* SUPPLIED ENTRIES *

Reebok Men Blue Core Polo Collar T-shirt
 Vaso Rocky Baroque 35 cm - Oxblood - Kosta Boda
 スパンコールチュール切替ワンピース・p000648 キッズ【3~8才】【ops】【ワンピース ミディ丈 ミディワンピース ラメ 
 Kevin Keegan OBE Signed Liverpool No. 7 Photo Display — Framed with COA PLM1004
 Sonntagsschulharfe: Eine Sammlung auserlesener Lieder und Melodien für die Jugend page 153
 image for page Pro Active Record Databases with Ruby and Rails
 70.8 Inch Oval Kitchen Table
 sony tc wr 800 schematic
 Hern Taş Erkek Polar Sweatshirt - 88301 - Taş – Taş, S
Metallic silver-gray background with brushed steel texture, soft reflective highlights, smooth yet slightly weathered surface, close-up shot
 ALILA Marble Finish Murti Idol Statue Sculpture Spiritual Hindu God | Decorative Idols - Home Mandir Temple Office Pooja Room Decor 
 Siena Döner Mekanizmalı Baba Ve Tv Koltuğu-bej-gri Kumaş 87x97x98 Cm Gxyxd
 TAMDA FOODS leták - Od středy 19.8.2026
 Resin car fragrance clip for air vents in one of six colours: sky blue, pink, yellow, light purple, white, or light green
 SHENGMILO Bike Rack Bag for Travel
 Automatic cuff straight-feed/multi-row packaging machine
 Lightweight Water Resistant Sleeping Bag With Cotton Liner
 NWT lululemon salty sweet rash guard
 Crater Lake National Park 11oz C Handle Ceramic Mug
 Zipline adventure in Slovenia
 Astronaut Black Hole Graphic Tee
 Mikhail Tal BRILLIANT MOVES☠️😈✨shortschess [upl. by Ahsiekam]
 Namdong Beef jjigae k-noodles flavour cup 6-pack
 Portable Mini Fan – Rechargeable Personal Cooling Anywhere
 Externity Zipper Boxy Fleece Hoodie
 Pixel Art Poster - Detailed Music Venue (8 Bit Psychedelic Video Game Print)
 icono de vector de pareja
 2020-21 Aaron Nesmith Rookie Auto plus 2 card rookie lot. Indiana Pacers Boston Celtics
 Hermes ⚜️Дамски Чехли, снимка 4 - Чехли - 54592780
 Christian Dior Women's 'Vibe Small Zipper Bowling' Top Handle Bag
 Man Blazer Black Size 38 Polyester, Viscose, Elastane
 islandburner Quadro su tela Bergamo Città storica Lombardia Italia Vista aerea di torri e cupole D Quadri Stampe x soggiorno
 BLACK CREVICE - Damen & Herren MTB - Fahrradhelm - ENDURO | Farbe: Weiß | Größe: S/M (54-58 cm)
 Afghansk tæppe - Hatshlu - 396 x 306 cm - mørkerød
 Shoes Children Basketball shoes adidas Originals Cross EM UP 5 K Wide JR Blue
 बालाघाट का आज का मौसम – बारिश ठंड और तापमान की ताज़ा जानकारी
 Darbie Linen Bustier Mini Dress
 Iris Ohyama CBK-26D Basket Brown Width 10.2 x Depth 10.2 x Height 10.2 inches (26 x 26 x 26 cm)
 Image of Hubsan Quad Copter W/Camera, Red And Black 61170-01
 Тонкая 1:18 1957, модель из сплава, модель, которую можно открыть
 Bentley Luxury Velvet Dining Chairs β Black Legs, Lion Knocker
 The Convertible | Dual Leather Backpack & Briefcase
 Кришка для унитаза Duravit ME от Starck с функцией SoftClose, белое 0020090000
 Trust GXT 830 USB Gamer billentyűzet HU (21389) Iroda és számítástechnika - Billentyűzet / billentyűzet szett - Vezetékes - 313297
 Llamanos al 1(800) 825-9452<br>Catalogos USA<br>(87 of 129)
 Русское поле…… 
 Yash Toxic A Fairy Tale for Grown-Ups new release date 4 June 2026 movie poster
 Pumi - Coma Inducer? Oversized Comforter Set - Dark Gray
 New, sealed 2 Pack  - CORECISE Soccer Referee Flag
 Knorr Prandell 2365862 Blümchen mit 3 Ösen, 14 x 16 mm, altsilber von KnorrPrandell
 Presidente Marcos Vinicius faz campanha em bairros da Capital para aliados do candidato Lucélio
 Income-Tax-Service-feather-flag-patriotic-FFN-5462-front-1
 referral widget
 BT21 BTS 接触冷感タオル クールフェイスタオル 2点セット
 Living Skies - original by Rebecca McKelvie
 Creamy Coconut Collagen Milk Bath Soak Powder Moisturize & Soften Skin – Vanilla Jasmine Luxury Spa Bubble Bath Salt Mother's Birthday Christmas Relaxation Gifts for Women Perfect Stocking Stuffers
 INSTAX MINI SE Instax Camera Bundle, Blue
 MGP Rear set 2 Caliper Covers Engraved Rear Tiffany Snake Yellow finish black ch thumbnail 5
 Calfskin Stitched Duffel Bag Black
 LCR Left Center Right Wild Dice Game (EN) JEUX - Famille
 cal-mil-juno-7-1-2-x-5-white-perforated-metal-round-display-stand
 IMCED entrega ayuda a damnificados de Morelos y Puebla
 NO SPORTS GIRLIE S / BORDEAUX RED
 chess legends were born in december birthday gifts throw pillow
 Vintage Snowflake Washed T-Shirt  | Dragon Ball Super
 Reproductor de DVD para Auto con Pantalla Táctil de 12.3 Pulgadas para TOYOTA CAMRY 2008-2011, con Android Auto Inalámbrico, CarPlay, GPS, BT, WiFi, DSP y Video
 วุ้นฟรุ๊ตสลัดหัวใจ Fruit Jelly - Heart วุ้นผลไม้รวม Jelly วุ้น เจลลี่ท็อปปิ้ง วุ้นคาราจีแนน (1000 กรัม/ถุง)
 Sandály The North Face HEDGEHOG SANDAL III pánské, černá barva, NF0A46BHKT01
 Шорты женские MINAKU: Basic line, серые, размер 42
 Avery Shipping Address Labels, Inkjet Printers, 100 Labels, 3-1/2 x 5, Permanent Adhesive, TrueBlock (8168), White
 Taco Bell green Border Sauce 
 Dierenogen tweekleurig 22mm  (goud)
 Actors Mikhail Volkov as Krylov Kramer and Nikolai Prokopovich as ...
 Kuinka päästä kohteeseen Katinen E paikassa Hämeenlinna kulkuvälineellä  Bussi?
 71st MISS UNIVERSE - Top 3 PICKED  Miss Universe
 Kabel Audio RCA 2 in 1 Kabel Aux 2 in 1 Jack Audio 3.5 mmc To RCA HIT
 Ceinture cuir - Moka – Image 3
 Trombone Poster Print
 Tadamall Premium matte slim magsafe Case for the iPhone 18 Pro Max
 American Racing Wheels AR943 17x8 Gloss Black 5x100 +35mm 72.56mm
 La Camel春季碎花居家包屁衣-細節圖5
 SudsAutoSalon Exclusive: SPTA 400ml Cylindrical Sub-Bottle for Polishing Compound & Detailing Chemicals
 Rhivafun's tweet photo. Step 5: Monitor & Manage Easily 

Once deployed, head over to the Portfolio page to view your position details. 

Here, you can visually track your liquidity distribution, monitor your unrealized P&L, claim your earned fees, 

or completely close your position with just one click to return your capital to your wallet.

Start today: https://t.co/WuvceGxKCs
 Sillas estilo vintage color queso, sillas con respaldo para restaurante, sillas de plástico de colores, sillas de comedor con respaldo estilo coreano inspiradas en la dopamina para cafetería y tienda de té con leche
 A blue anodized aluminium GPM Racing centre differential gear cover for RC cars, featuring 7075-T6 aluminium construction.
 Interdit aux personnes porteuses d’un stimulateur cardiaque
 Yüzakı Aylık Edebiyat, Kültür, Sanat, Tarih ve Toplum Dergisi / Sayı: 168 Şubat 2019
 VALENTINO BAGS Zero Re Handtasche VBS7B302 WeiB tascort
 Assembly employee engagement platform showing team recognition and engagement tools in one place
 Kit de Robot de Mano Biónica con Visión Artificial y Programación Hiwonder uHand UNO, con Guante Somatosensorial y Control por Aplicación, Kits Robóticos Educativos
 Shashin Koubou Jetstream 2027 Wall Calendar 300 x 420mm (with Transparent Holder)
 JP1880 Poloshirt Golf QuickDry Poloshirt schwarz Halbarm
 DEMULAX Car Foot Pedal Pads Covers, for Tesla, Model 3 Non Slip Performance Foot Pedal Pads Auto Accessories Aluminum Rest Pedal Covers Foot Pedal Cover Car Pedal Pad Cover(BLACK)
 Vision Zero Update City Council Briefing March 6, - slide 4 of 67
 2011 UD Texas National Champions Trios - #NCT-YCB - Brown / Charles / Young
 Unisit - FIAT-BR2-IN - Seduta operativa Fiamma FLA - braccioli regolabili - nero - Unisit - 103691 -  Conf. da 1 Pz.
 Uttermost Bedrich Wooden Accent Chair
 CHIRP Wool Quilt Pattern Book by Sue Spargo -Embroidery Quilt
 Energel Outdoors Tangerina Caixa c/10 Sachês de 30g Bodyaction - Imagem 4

* PROBLEM DESCRIPTION *
Keep both end lines and retype everything in the records above from the line containing "Reproductor de DVD" through the line containing "Sandály The North", exactly, with nothing else.

* RESPONSE *
 Reproductor de DVD para Auto con Pantalla Táctil de 12.3 Pulgadas para TOYOTA CAMRY 2008-2011, con Android Auto Inalámbrico, CarPlay, GPS, BT, WiFi, DSP y Video
 วุ้นฟรุ๊ตสลัดหัวใจ Fruit Jelly - Heart วุ้นผลไม้รวม Jelly วุ้น เจลลี่ท็อปปิ้ง วุ้นคาราจีแนน (1000 กรัม/ถุง)
 Sandály The North Face HEDGEHOG SANDAL III pánské, černá barva, NF0A46BHKT01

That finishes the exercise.